(Records to process):
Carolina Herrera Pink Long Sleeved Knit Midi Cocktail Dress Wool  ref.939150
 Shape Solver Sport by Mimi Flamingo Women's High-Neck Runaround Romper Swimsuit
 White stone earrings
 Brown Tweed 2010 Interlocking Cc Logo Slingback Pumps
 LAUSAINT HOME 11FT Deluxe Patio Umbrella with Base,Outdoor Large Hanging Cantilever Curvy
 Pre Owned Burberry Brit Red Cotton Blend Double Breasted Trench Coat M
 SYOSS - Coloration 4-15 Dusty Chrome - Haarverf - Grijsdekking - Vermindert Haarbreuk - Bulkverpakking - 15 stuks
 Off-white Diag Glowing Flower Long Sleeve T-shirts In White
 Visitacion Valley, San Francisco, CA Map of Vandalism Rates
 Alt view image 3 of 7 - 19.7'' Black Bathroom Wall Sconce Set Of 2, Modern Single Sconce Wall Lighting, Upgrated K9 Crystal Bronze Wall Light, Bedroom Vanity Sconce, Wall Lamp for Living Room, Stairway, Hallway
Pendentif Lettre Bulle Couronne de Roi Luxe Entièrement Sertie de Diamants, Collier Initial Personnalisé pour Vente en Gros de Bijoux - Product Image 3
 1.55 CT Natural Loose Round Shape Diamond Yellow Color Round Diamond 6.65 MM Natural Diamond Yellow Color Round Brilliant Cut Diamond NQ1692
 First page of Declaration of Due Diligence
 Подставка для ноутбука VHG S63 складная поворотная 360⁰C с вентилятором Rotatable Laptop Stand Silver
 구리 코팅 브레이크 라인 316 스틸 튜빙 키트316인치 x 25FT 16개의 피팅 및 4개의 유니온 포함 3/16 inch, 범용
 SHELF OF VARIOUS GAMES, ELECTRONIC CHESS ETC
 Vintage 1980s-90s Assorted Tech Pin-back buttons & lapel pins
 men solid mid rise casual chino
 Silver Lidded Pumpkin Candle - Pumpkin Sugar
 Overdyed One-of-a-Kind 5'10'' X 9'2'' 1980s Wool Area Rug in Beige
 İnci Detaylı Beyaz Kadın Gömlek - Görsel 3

(Your instructions):
The line with "LAUSAINT HOME 11FT" through the last line of the entries above: output exactly those lines and nothing else.

(Task output):
 LAUSAINT HOME 11FT Deluxe Patio Umbrella with Base,Outdoor Large Hanging Cantilever Curvy
 Pre Owned Burberry Brit Red Cotton Blend Double Breasted Trench Coat M
 SYOSS - Coloration 4-15 Dusty Chrome - Haarverf - Grijsdekking - Vermindert Haarbreuk - Bulkverpakking - 15 stuks
 Off-white Diag Glowing Flower Long Sleeve T-shirts In White
 Visitacion Valley, San Francisco, CA Map of Vandalism Rates
 Alt view image 3 of 7 - 19.7'' Black Bathroom Wall Sconce Set Of 2, Modern Single Sconce Wall Lighting, Upgrated K9 Crystal Bronze Wall Light, Bedroom Vanity Sconce, Wall Lamp for Living Room, Stairway, Hallway
Pendentif Lettre Bulle Couronne de Roi Luxe Entièrement Sertie de Diamants, Collier Initial Personnalisé pour Vente en Gros de Bijoux - Product Image 3
 1.55 CT Natural Loose Round Shape Diamond Yellow Color Round Diamond 6.65 MM Natural Diamond Yellow Color Round Brilliant Cut Diamond NQ1692
 First page of Declaration of Due Diligence
 Подставка для ноутбука VHG S63 складная поворотная 360⁰C с вентилятором Rotatable Laptop Stand Silver
 구리 코팅 브레이크 라인 316 스틸 튜빙 키트316인치 x 25FT 16개의 피팅 및 4개의 유니온 포함 3/16 inch, 범용
 SHELF OF VARIOUS GAMES, ELECTRONIC CHESS ETC
 Vintage 1980s-90s Assorted Tech Pin-back buttons & lapel pins
 men solid mid rise casual chino
 Silver Lidded Pumpkin Candle - Pumpkin Sugar
 Overdyed One-of-a-Kind 5'10'' X 9'2'' 1980s Wool Area Rug in Beige
 İnci Detaylı Beyaz Kadın Gömlek - Görsel 3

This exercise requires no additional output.